Directions for this task: Could you copy exactly the lines from the one containing "K&ouml;nnte beinhalten: Nahaufnahme" through the last line of the records, leaving out every picture?

Information:
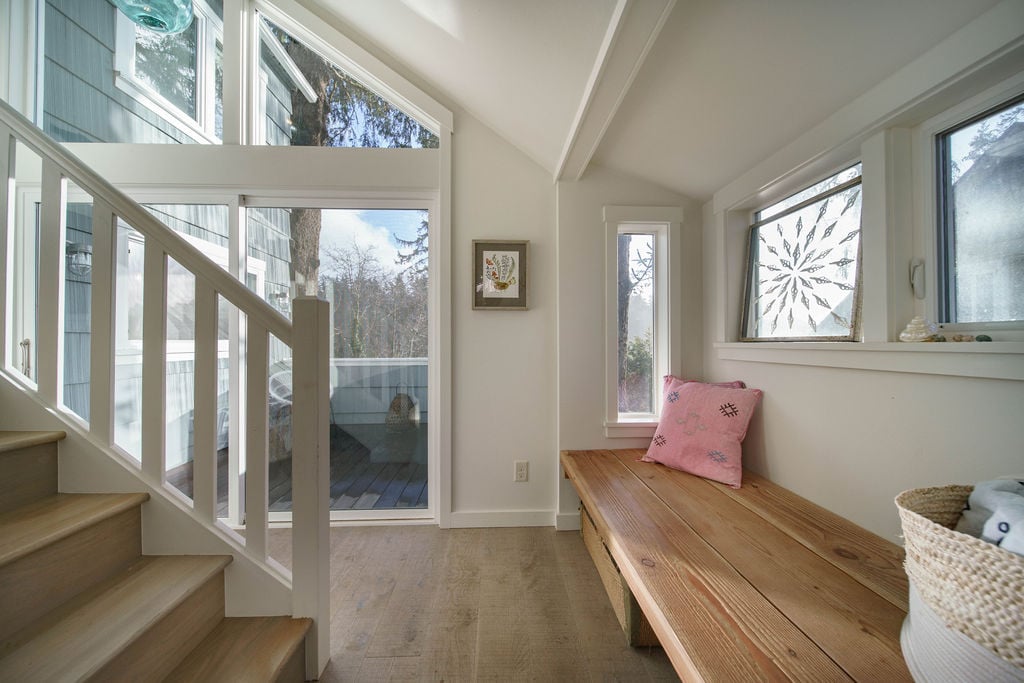 As you enter the home you are greeted by cozy decor and large windows opening to the deck. the stairs take you to the2nd floor where the bedrooms and 2 bathrooms are found.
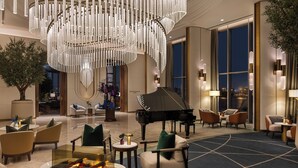 Un vestíbulo amplio con un piano de cola, candelabros elegantes, asientos cómodos y ventanas grandes que ofrecen vistas a la ciudad.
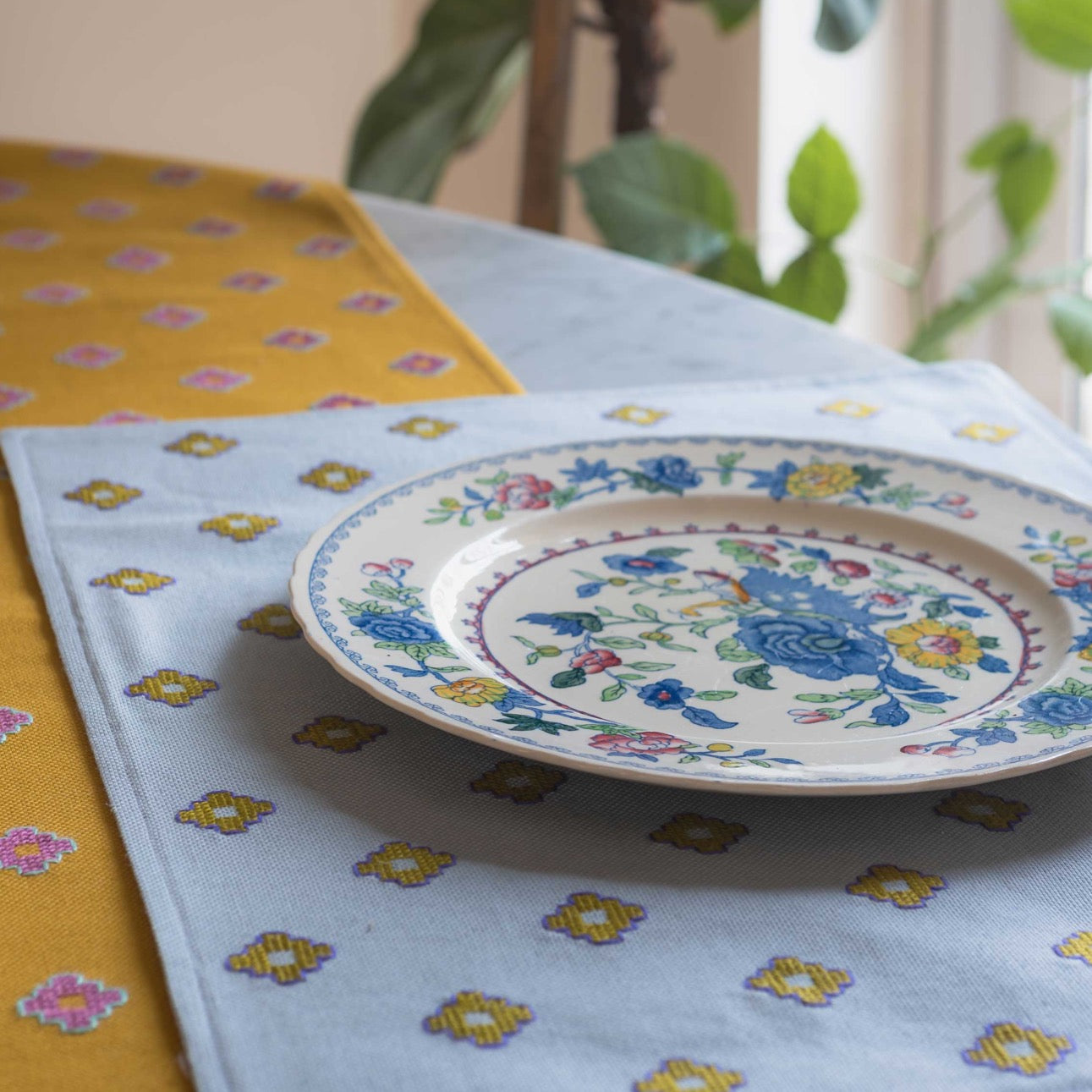 placemat and mustard runner on a table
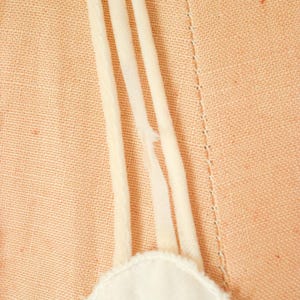 K&ouml;nnte beinhalten: Nahaufnahme eines wei&szlig;en Spitzenoberteils mit einem wei&szlig;en Stoffband. Das Band ist umgeklappt und hat eine ausgefranste Kante.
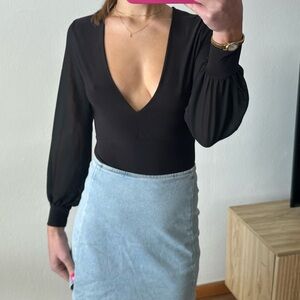Black, plunge necklined body suit.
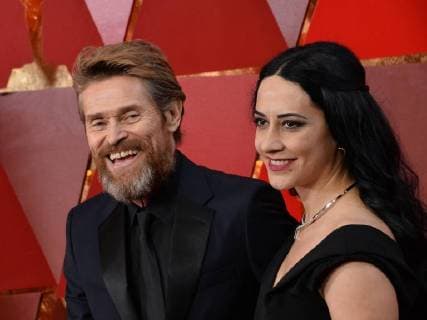 Actor Willem Dafoe (L) and director Giada Colagrande arrive on the red carpet for the 90th annual Academy Awards at the Dolby Theatre in the Hollywood section of Los Angeles on March 4, 2018.  LAP20180304471 JIMxRUYMEN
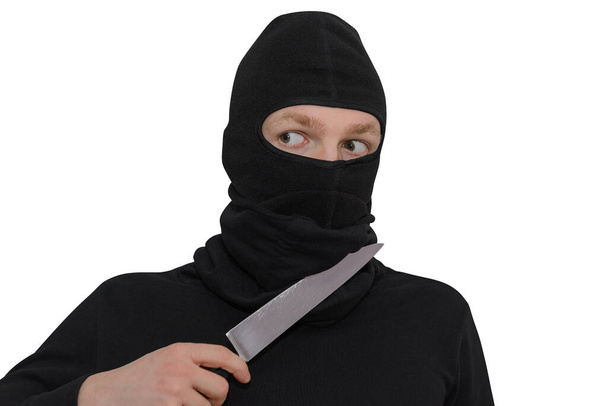 man in a balaclava with a knife portrait isolated on a white background  - Фото, изображение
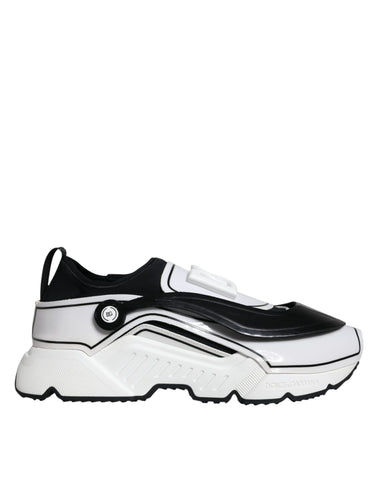 White Dolce & Gabbana Daymaster sneakers with black logo plaque, featuring a sleek design and stylish laces.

Answer space:
 K&ouml;nnte beinhalten: Nahaufnahme eines wei&szlig;en Spitzenoberteils mit einem wei&szlig;en Stoffband. Das Band ist umgeklappt und hat eine ausgefranste Kante.
Black, plunge necklined body suit.
 Actor Willem Dafoe (L) and director Giada Colagrande arrive on the red carpet for the 90th annual Academy Awards at the Dolby Theatre in the Hollywood section of Los Angeles on March 4, 2018.  LAP20180304471 JIMxRUYMEN
 man in a balaclava with a knife portrait isolated on a white background  - Фото, изображение
 White Dolce & Gabbana Daymaster sneakers with black logo plaque, featuring a sleek design and stylish laces.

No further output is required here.